All our core router -> server BGP sessions currently have "multihop" enabled, to support EBGP connections from servers the routers see as directly connected, but may take an extra IP hop to get to the CR (via the other CR as it's VRRP master).
On the server side all the sessions are set up as "multihop", i.e. they send the BGP packets with a TTL greater than 1 so the connection works. The Kubernetes and PyBal nodes use default TTL of 64:
cmooney@kubernetes1023:~$ sudo tcpdump -v -i eno1 -l -p -nn tcp port 179 and src host 10.64.32.21 tcpdump: listening on eno1, link-type EN10MB (Ethernet), snapshot length 262144 bytes 13:55:18.567530 IP (tos 0xc0, ttl 64, id 31002, offset 0, flags [DF], proto TCP (6), length 71) 10.64.32.21.54163 > 208.80.154.197.179: Flags [P.], cksum 0x95a4 (incorrect -> 0x3079), seq 433376052:433376071, ack 4133911694, win 83, options [nop,nop,TS val 3997879078 ecr 2361014759], length 19: BGP Keepalive Message (4), length: 19
cmooney@lvs1017:~$ sudo tcpdump -i eno1np0 -v -l -p -nn src host 10.64.0.80 and tcp port 179 tcpdump: listening on eno1np0, link-type EN10MB (Ethernet), snapshot length 262144 bytes 13:57:48.607257 IP (tos 0x0, ttl 64, id 43759, offset 0, flags [DF], proto TCP (6), length 71) 10.64.0.80.44614 > 208.80.154.197.179: Flags [P.], cksum 0x75df (incorrect -> 0x7b37), seq 968772036:968772055, ack 2770000857, win 83, options [nop,nop,TS val 2552897587 ecr 2361166036], length 19: BGP Keepalive Message (4), length: 19
Where we manually configure multihop, however, we in all cases are specifying a TTL to use.

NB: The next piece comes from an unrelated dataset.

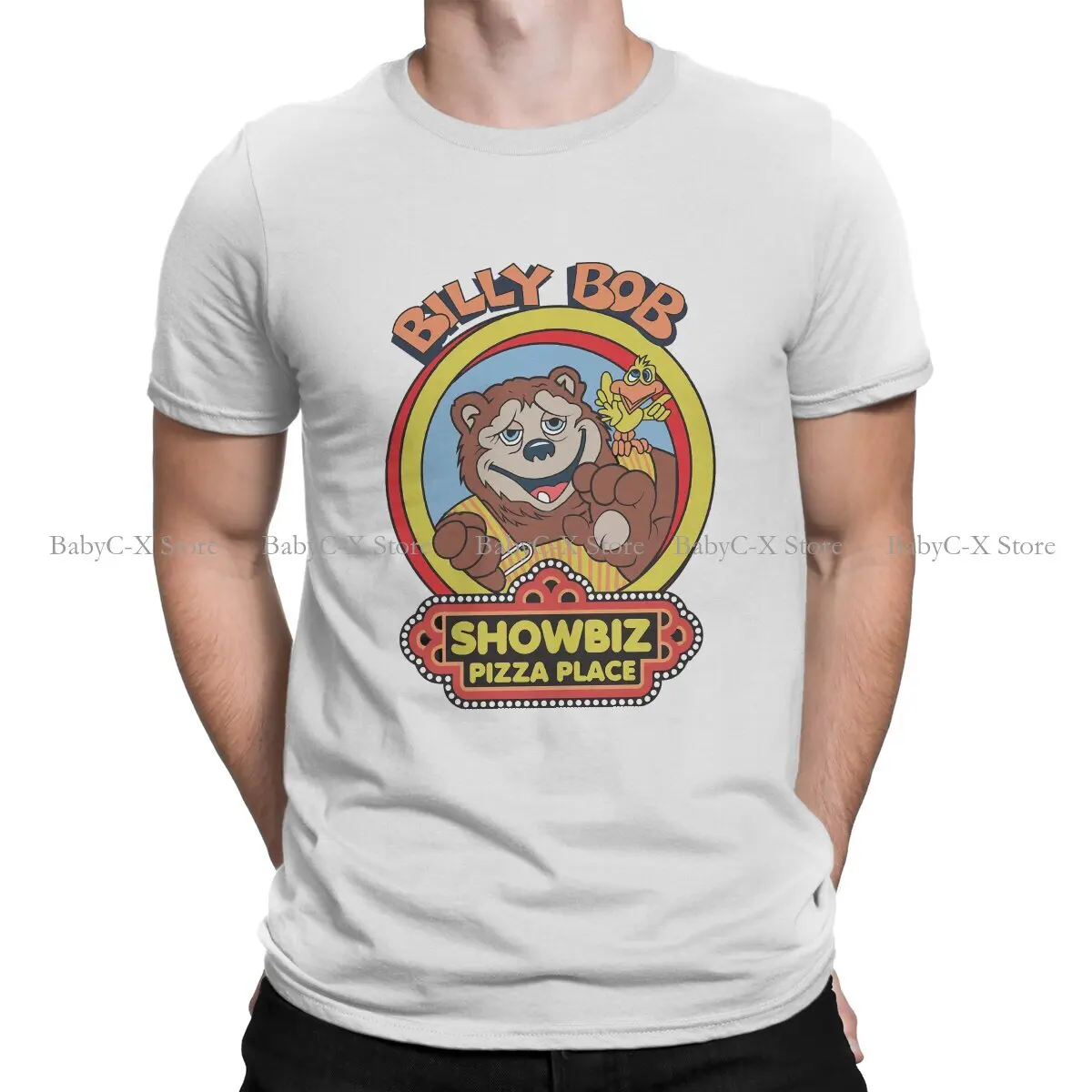 

Showbiz Pizza Billy Bob Graphic TShirt Chuck E Cheese Dining Room Style Streetwear Leisure T Shirt Male Tee Unique Polyester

Our Anycast/Bird servers are configured to set the TTL to 2 for the BGP packets:
root@dns2004:/etc/bird# grep -A1 "protocol bgp" bird.conf protocol bgp { multihop 2; -- protocol bgp { multihop 2;
root@dns2004:~# tcpdump -i eno8303 -l -p -nn -v host 208.80.153.48 and tcp port 179 tcpdump: listening on eno8303, link-type EN10MB (Ethernet), snapshot length 262144 bytes 17:14:27.436596 IP (tos 0xc0, ttl 2, id 3498, offset 0, flags [DF], proto TCP (6), length 71) 208.80.153.48.56247 > 208.80.153.192.179: Flags [P.], cksum 0xd3cb (incorrect -> 0xd3b4), seq 2969821142:2969821161, ack 2426692537, win 83, options [nop,nop,TS val 3043247674 ecr 3753479673], length 19: BGP Keepalive Message (4), length: 19 17:14:27.540170 IP (tos 0xc0, ttl 193, id 43160, offset 0, flags [none], proto TCP (6), length 52) 208.80.153.192.179 > 208.80.153.48.56247: Flags [.], cksum 0x7c2d (correct), ack 19, win 16384, options [nop,nop,TS val 3753486830 ecr 3043247674], length 0
On the router side all our server peerings also have the TTL to use set to 2, except for the Anycast group which uses 193 (see T209989):
set protocols bgp group PyBal multihop ttl 2 set protocols bgp group Kubernetes4 multihop ttl 2 set protocols bgp group Kubernetes6 multihop ttl 2 set protocols bgp group Anycast4 multihop ttl 193 set protocols bgp group Kubestage4 multihop ttl 2 set protocols bgp group Kubestage6 multihop ttl 2 set protocols bgp group Kubemlserve4 multihop ttl 2 set protocols bgp group Kubemlserve6 multihop ttl 2 set protocols bgp group Anycast6 multihop ttl 193 set protocols bgp group Kubemlstaging4 multihop ttl 2 set protocols bgp group Kubemlstaging6 multihop ttl 2
I have been looking at this as with the codfw switch upgrade the potential path for BGP packets from servers on existing vlans could now take up to an extra 2 hops, i.e. SERVER -> LEAF -> SPINE -> CR1 -> CR2.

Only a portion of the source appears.